**Problem to work on**
In the data below, find each line containing the string "with" and return it.
Extracted records Block Start
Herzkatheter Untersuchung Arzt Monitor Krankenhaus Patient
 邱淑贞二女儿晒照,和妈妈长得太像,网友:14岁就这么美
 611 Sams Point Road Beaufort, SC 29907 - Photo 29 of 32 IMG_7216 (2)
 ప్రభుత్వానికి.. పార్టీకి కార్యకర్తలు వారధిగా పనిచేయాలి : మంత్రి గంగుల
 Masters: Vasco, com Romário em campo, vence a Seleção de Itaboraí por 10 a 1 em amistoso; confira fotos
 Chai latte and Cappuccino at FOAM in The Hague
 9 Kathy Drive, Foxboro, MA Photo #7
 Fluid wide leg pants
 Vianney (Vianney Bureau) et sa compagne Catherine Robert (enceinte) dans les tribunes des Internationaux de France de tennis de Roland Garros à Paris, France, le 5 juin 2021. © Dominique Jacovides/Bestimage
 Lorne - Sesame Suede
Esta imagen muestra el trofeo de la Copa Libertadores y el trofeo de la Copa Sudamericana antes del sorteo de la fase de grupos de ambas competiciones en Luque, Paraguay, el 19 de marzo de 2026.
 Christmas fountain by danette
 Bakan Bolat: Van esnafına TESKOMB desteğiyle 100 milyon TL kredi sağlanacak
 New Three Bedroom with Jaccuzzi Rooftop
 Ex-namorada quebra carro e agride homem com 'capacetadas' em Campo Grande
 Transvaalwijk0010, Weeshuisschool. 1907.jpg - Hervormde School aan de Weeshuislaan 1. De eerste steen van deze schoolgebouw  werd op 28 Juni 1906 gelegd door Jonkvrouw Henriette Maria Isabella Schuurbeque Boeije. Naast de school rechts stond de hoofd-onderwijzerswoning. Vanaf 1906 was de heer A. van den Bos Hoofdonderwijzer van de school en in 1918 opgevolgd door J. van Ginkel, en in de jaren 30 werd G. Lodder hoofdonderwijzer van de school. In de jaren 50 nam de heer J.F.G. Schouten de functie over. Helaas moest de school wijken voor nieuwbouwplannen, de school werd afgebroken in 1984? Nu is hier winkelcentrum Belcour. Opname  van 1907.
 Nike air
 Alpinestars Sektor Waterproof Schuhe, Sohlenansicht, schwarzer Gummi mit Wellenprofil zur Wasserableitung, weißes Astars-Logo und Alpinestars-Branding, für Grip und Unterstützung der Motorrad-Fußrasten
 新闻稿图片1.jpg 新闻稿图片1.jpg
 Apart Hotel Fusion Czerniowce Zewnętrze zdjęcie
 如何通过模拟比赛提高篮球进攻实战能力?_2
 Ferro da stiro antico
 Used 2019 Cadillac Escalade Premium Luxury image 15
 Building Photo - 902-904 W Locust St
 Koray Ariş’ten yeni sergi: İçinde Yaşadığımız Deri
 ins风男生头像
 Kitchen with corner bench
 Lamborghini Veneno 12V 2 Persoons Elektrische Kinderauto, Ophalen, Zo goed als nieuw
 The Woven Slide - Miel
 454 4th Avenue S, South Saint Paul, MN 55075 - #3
Extracted records Block End
**Worked solution**
 New Three Bedroom with Jaccuzzi Rooftop
 Kitchen with corner bench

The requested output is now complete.